SiGN UP TO BE KEPT INFORMED: hecht.deb@gmail.com

QUICK HISTORY OF THE LEGISLATION FROM 2005 to 2018:

  1. Where did the 2% amount come from?   In 2004 and early 2005 Sammie Stanbro-Olson donated money to the Trust for Public Lands (TPL) for a survey of Hawaii County residents to ask if they would approve a 1% or 2% Land Fund as a ballot measure. A large majority of residents said they would want a 2% Land Fund because land is so expensive on the Big Island.
  2. The Save Our Lands Citizen’s Committee Petition Initiative drive collected 9,600 signatures from April to July of 2006. This was during Harry Kim’s first term. Mayor Kim was adamantly against setting aside 2% of property taxes for land acquisition, even though this is only1.5% of the total income for the County.   County Clerk Connie Kiriu and County Counsel Lincoln Ashida disqualified almost 6,000 signatures for leaving off Pl, St. or Rd, or if husband and wife used ditto marks for their address when signing under each other or if the year was left off, (we collected signatures from May to July so it was only during 2005 which made the year implied and irrelevant).
  3. We needed 4,400 signatures to get the measure on the ballot, but because of the disqualifications we didn’t get enough.
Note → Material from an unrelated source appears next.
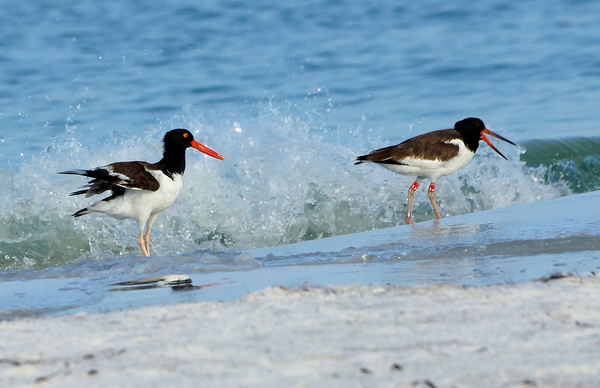 American Oystercatcher by Kandid Moose Dar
The County Council at Chair Stacy Higa’s request, decided to place the 2% ballot measure on the ballot for 2006 anyway.
  4. Despite the Corporation Counsel submitting confusing ballot language using double negatives, the amendment to the Code passed by 63% of voters who voted on the issue and become part of the Hawaii County Code.
  5. In 2008- As the his first piece of legislation, Mayor Kenoi and the County Council suspended deposits to the Fund for two years. This was possible because the legislation was part of the Hawaii County Code. The Save Our Lands Citizens’ Committee pointed out that there were more than 260 funded but unfilled jobs in his budget (costing $14 million), which were then cut, but Mayor Kenoi failed to reinstate payments to the 2% Land Fund after cutting these budget entries.
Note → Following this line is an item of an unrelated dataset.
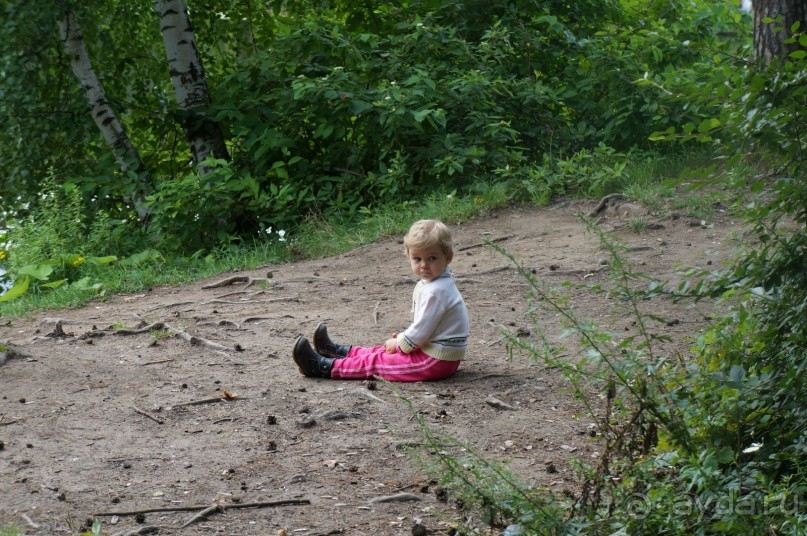 Серебряный бор - прекрасное место для отдыха в городе Серебряный бор - прекрасное место для отдыха в городе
  6. In 2010, the Charter Commission put the Land Fund on the ballot again, but only as the 1% Land Fund.  Again the Land Fund passed by 63% of voters, who voted on the measure. The Save Our Lands Committee supported this because it was a charter amendment and could only be overturned by a vote of the people. We wouldn’t have to sit in budget hearings each year.
  7. In 2012, to honor all the people who signed the petitions and worked so hard over the years, we realized we needed to put the 2% Land Fund back on the ballot as a Charter Amendment, together with a 1/4% Maintenance Fund. We wanted to make sure the Council and Mayor couldn’t stop deposits. A charter amendment can only be undone by a vote of the people.  Again, 63% of voters approved both measures. As part of the 2% Land Fund legislation, every property obtained with our taxpayer funds shall have a covenant that runs with the land that states: “This property (or easement) was acquired with money from the Public Access, Open Space and Natural Resources Preservation Fund.  It shall be held in perpetuity for the use and enjoyment of the people of Hawai’i County and may not be sold, mortgaged, traded or transferred in any way.” This has already blocked a potential land trade with the State of Hawaii.
  8. The Maintenance Fund was clarified in the Hawaii County Code in 2016 to allow the PONC Commission to review Stewardship Grants and to recommend which grants to approve to the Director of Finance.